We are not sure what the mix is, and have taken our best stab at it, quarter on quarter, and we were reminded after this story posted to not forget about he effect that Google might be having on AMD’s datacenter GPU business. If you assume that there is a baseline north of $40 million per quarter for datacenter GPUs — a mix of Radeon and Radeon Instinct cards — and then the rest is the custom GPUs that Google is deploying for its Stadia cloud gaming service, then Google bought somewhere on the order of $100 million of these devices in 2019 so far and accounts for all of the growth and the subsequent decline back to normal in the third quarter. Google is launching Stadia on November 19, so would have to have all of the necessary hardware in line, and assuming that this custom GPU used in Stadia — which has 56 compute units fired up, 10.7 teraflops at single precision, and HBM2 memory — costs somewhere between the Radeon RX 56 and Radeon RX 64 at list price and Google then can get it for 50 percent of list, then Google may have acquired as many as 300,000 to 350,000 units from AMD in the past couple of quarters. There is a lot of estimating and “if-then” in all of those numbers, we fully realize. But this does explain why the datacenter business went up and then went back down rather neatly.
Reality is probably a bit messier than this.

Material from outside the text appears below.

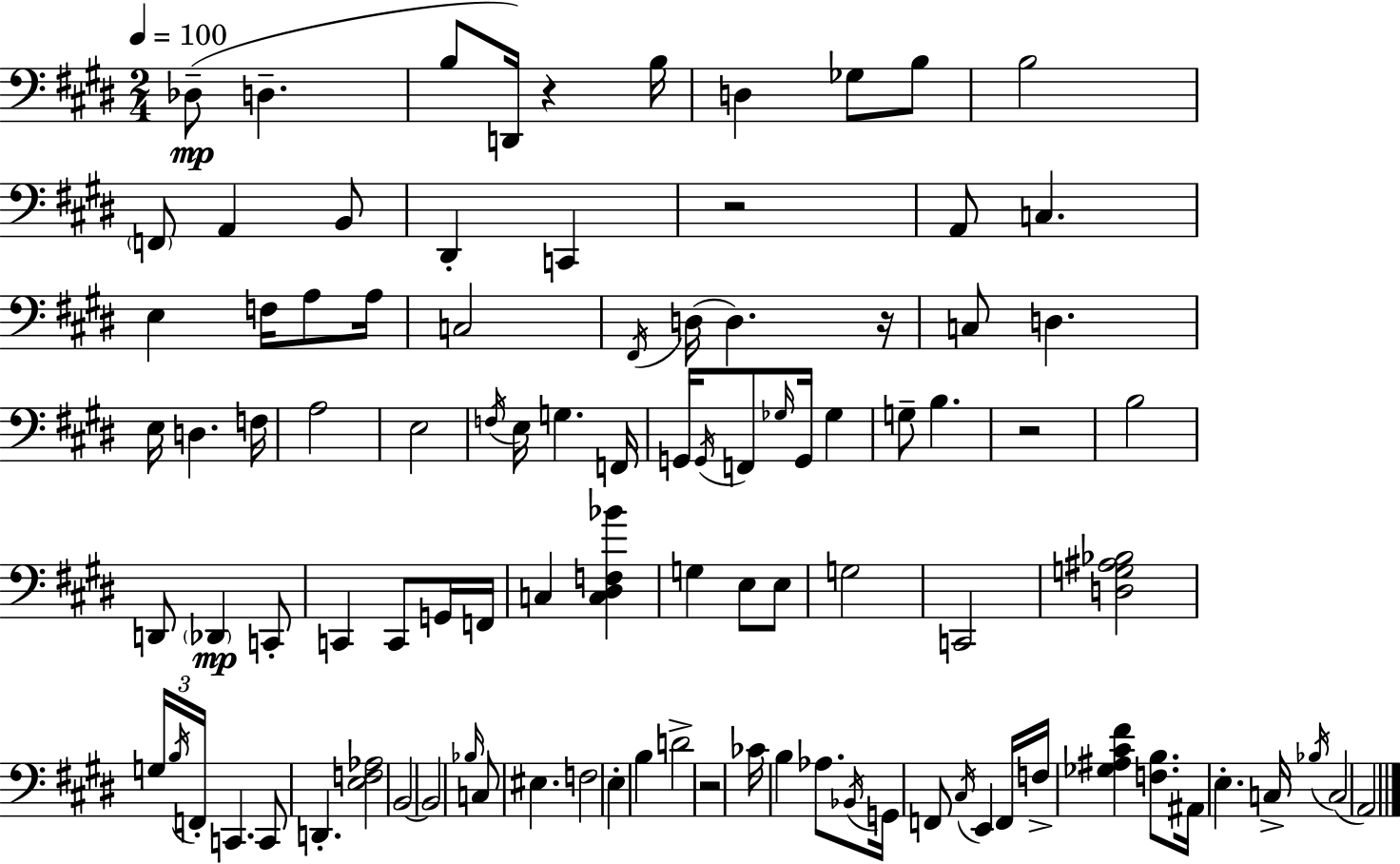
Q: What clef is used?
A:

Anyway, here is what the AMD datacenter business might look like against the two divisions it pulls from:
So, basically, the annualized run rate of the AMD datacenter business proper – bits from the two major divisions – is around $1 billion, with it hitting $252 million, by our estimates, in Q3 2019. That represented 13.9 percent of revenues in the third quarter, and around 15 percent in the first three quarters, which compares quite favorably to the 2.5 percent to 5.2 percent of sales that AMD’s datacenter business had – again, according to our model, not pronouncements by AMD – before things really started taking off in the fourth quarter of 2018. It seems very likely that AMD will at least break through a $2 billion annual run rate for its datacenter business in 2020, perhaps as high as $2.5 billion if it is a little better than we expect and maybe even $3 billion if growth stays at current levels.
But in the meantime, Su and her team are keeping their eye on the next quarter and on making sure the roadmaps are adhered to because what everyone wants as much as a resurgent AMD is a predictable one.
“We expect server revenue to grow sequentially by a strong double-digit percentage in the fourth quarter as we continue ramping our second-generation Epyc processors,” Su said when asked about the future of the server CPU lineup. “We remain on track to achieve our near-term goal of double digit server CPU share by the middle of next year. We are on track to exit 2019 with another quarter of significant growth, driven by the ramp of our 7 nanometer products, and believe we are well-positioned to build on our momentum in 2020 and beyond as we deliver an even stronger set of leadership products that can drive sustained growth and an increased share of the $75 billion market for high performance computing and graphics technologies.”